Prosecutors alleged that Chou used the funding to disrupt Taiwan’s political stability through propaganda promotion and concerted efforts with pro-Beijing individuals in the region known as the United Front.
The office said that Pan and Chu, the co-accused, made frequent trips to China, specifically to Fujian, to source the funds and colluded with Chinese officials to influence Taiwan’s elections.
In 2022, the duo provided Chou with NT$220,000 (around US$6,912), which “contravenes” laws on registered political parties receiving funds from foreign sources, Taiwanese prosecutors said.
Allegedly, Chou also used the funds to “carry out targeted protests against” the US National Endowment for Democracy (NED) during the World Movement for Democracy’s Global Assembly in Taipei in October last year, Taipei Times reported.
The NED is an independent, nonprofit foundation funded largely by the US Congress and dedicated to the growth and strengthening of democratic institutions around the world.
Chou and Pan had paid NT$200 to NT$250 (around US$7 to $8) to 65 people outside the conference venue to attend a demonstration, along with other expenses, Taipei Times reported.
The trio then collaborated to compile the videos and briefs on their campaigns and protest activities and sent them to their Chinese handlers through WeChat.
The prosecutors said that they were also investigating United Front activities targeting Taiwanese businesspeople and students, and the funding it provides to conduct pro-China propaganda campaigns in Taiwan.
Allegedly, Chou used the money to make flags and print pamphlets for the Gong He Party, and organize rallies to “espouse Chinese political propaganda,” the prosecutors said.
According to reports, Gong He Party candidates for Taipei mayor and city councilor offices in the nine-in-one elections in November last year were funded with money channeled by Pan and Chu from China.
The money was used for running the campaigns for the 2022 Taipei mayoral candidate, Tang hsin-min, and other city councilor candidates of the Pan-Blue Coalition.
According to data from Taiwan’s Central Election Commission, Tang received 316 votes, or 0.02 percent, in the election. Whereas, the pro-Beijing councilor candidates received a combined 67 votes, Taipei Times reported.

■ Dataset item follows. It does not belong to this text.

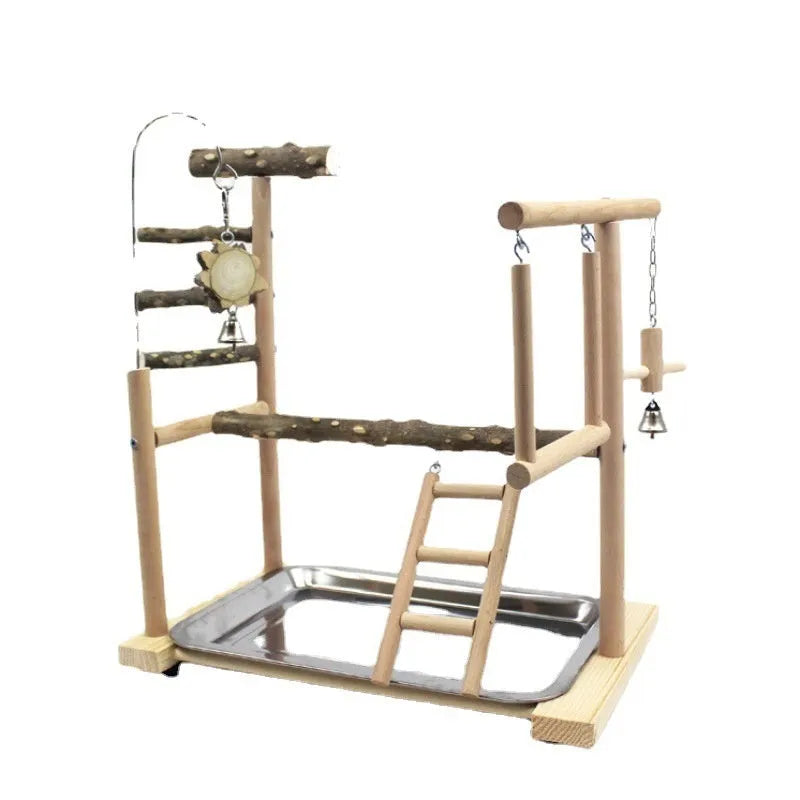 Natural Pepper Wood parrot toy bundle with two flat perching stands and a vertical climbing pole for cage.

The indictment pointed out that Pan was born in China’s Fujian Province and had immigrated to Taiwan in 2002 with his family and later acquired Taiwanese citizenship.
During one of Pan’s visits to China, government officials had invited him to serve as deputy director of the Putian Porcelain Arts Museum, which is funded and controlled by the city’s Taiwan Affairs Office.
If convicted under the anti-infiltration law, the perpetrators could receive a maximum fine not exceeding NT$10 million (around US$314,317) or five years imprisonment.